THE TASK:
There is one span to output from the data below: the lines starting at the line with "A brick house" and ending at the line with "A sheet of Chicago". Output it exactly, ends included, nothing more.

++++ EXCERPTED DATA ++++

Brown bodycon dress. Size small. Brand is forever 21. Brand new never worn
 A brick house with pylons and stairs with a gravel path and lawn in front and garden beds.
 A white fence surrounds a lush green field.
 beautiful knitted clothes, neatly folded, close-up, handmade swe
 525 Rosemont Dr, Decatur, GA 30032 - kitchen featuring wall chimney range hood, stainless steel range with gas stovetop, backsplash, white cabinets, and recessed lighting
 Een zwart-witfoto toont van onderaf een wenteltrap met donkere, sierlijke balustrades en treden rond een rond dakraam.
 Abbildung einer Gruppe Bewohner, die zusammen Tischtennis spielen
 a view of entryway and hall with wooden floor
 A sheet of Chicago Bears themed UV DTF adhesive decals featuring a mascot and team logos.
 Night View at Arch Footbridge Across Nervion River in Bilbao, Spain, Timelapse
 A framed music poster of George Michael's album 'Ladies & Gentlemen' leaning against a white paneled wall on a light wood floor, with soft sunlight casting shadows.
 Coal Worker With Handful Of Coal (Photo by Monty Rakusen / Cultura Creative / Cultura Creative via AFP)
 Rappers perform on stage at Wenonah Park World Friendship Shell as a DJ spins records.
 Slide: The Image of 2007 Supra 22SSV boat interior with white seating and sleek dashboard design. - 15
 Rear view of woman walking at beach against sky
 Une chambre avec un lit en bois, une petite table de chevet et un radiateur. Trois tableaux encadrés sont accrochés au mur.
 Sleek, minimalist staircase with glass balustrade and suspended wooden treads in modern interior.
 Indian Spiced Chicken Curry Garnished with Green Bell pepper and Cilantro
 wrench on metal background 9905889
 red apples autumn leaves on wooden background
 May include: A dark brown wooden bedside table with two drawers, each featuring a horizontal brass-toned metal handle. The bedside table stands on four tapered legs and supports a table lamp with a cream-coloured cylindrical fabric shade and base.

++++

RESULT OF THE TASK:
 A brick house with pylons and stairs with a gravel path and lawn in front and garden beds.
 A white fence surrounds a lush green field.
 beautiful knitted clothes, neatly folded, close-up, handmade swe
 525 Rosemont Dr, Decatur, GA 30032 - kitchen featuring wall chimney range hood, stainless steel range with gas stovetop, backsplash, white cabinets, and recessed lighting
 Een zwart-witfoto toont van onderaf een wenteltrap met donkere, sierlijke balustrades en treden rond een rond dakraam.
 Abbildung einer Gruppe Bewohner, die zusammen Tischtennis spielen
 a view of entryway and hall with wooden floor
 A sheet of Chicago Bears themed UV DTF adhesive decals featuring a mascot and team logos.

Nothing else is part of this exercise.